By Samantha L. Quigley
American Forces Press Service
Nov. 6, 2008 - Defense Secretary Robert M. Gates welcomed 15 Department of Defense Education Activity district teachers of the year to the Pentagon today. "What you do is especially important," Gates told them after posing for photos with the group. "In addition to being good teachers, you are a source of stability for our military [children].
"The environment that you create for children whose lives are disrupted by their parents' deployment is really terribly important," he added.
The group included Dorothy Goff Goulet, DoDEA's 2009 Teacher of Year, and a 13-year teaching veteran from Louisiana. She said she agrees that DoDEA teachers face a unique situation.
"military children have special issues, [and] we have to be very sensitive to that," she said. "I can't imagine what it would be like to be a student with a parent, or two parents, that are deployed for several months. So, we approach every day with a great amount of sensitivity and a great amount of respect for what they have to go through."
While being chosen as the Teacher of the Year was thrilling, she said, it's also humbling.
"It's an honor, and I'm humbled, really, to represent my colleagues and my students and my school and all the people through the years that have affected me and my decisions and my teachings," Goulet said. "We're the sum of our mentors."
An Air Force spouse, Goulet teaches U.S. history and French at Kaiserslautern Middle School in Kaiserslautern, Germany. She's taught in DoDEA schools for eight years, including teaching the same two subjects at DoDEA's Guam High School in Asan, Guam.
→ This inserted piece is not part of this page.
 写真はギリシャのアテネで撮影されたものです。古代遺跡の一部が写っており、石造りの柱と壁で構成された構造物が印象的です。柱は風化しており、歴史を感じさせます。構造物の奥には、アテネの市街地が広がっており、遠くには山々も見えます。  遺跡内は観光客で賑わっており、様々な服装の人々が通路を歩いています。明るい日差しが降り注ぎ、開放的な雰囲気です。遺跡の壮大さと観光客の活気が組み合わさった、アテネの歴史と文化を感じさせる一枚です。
Her husband, Air Force Lt. Col. Wayne Goulet, is stationed at Ramstein Air Base, Germany. Charles Toth, DoDEA's assistant associate director, said he's proud of the activity's teachers.
"I can't think of a more noble profession for a person to pursue than that of being a teacher of America's children," he said. "Being affiliated with the Department of Defense as an educator magnifies that purpose twofold."
DoDEA educators not only must be committed to providing military children with a world-class education, but also must pledge to meet all their needs -- social, behavioral or emotional.
"DoD's teachers do an exceptional job of educating America's youth," he said. "I hold what these folks do in very high esteem."
DoDEA's "Teacher of the Year" program recognizes and promotes excellence in education. Teachers may be nominated by a peer, administrator, parent, student of community member. The nominees must complete an application packet and submit it to a selection panel at a DoDEA district office, where one applicant is chosen as "District Teacher of the Year." Those selectees are then considered by a second panel at DoDEA headquarters, which selects the DoDEA Teacher of the Year.
As 2009 DoDEA Teacher of the Year, Goulet will compete for the title of National Teacher of the Year.